Input for this task >>
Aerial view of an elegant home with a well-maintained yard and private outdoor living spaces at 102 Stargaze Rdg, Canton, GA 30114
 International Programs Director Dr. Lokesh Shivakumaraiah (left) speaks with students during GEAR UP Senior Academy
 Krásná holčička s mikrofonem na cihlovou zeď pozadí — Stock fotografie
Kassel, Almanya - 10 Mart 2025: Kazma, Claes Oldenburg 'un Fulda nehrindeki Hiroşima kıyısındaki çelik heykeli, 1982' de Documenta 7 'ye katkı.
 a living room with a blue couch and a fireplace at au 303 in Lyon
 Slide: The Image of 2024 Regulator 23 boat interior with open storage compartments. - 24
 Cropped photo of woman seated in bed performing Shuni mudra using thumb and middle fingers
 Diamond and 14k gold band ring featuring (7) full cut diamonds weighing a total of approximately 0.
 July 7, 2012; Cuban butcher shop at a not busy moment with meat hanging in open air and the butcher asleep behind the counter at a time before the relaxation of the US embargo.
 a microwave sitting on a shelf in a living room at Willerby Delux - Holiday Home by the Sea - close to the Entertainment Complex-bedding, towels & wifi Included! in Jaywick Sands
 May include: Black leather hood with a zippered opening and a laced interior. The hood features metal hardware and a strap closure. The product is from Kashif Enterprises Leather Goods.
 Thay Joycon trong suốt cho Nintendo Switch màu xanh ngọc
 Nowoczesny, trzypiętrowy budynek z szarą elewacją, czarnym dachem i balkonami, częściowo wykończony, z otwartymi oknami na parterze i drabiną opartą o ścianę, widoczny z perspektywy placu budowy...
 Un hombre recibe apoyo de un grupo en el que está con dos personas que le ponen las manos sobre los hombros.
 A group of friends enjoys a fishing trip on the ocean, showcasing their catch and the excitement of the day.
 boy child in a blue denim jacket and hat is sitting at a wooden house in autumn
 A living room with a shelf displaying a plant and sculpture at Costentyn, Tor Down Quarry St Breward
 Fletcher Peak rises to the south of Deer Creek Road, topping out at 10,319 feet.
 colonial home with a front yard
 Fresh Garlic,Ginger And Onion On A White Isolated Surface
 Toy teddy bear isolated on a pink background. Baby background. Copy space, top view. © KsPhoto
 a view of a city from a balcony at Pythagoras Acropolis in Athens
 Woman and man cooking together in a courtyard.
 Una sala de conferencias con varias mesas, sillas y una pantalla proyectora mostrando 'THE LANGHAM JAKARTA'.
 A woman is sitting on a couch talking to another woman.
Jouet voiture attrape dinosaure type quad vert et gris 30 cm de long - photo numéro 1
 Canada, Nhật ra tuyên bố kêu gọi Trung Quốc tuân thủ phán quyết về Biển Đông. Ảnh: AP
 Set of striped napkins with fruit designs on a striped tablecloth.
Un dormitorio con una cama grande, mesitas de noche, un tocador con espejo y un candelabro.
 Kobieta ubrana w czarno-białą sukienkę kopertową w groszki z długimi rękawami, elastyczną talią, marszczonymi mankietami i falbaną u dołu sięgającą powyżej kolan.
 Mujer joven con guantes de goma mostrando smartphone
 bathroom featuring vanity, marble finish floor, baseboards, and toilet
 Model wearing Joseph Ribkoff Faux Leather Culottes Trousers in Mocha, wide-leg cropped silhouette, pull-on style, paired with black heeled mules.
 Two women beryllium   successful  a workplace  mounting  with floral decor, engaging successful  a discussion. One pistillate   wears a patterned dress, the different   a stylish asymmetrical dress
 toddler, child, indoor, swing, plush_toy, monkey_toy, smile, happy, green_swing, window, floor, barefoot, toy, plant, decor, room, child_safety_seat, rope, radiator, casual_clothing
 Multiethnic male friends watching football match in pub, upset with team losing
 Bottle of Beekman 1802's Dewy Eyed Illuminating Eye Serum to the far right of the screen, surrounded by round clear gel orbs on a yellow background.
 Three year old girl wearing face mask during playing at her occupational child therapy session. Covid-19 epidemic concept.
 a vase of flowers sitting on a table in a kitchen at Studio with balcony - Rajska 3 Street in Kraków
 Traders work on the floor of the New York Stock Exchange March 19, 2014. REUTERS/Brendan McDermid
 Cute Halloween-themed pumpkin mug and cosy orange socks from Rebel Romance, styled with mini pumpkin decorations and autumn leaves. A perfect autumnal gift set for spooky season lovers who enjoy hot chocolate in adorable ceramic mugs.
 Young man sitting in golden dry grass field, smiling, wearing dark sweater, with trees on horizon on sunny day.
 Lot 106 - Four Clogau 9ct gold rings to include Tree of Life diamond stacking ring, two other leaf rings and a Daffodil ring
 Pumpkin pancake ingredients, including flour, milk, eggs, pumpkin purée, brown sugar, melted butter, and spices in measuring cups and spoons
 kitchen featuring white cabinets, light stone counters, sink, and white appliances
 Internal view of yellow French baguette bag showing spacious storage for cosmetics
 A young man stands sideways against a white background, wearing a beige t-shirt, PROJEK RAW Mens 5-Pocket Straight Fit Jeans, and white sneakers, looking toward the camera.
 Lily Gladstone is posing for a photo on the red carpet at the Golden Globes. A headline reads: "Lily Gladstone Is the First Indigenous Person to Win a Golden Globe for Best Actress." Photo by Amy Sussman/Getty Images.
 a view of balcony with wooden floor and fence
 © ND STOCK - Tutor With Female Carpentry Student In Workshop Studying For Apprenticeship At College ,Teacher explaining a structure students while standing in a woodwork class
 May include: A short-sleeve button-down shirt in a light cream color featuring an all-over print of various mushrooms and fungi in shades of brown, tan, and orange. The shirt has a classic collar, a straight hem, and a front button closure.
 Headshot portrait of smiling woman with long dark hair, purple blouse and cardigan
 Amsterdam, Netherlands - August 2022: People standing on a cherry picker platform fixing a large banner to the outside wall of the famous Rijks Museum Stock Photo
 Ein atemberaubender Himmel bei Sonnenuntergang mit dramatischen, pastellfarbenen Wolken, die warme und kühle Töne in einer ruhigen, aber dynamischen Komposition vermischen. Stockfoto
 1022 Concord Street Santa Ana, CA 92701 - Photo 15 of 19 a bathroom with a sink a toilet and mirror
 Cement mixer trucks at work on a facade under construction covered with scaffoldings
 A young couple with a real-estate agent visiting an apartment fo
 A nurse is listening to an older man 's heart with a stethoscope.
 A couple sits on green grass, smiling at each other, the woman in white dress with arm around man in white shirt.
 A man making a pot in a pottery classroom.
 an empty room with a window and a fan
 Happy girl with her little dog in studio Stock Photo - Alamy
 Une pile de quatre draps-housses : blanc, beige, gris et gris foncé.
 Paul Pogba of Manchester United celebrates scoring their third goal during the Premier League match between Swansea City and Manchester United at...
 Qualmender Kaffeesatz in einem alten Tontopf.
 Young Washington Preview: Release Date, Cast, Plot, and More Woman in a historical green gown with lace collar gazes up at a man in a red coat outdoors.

Work instruction >> Go to the line in the material above that contains "colonial home with a front yard" and copy exactly from there through the line that contains "Jouet voiture attrape", stopping after it.

Solution for this exercise >>
 colonial home with a front yard
 Fresh Garlic,Ginger And Onion On A White Isolated Surface
 Toy teddy bear isolated on a pink background. Baby background. Copy space, top view. © KsPhoto
 a view of a city from a balcony at Pythagoras Acropolis in Athens
 Woman and man cooking together in a courtyard.
 Una sala de conferencias con varias mesas, sillas y una pantalla proyectora mostrando 'THE LANGHAM JAKARTA'.
 A woman is sitting on a couch talking to another woman.
Jouet voiture attrape dinosaure type quad vert et gris 30 cm de long - photo numéro 1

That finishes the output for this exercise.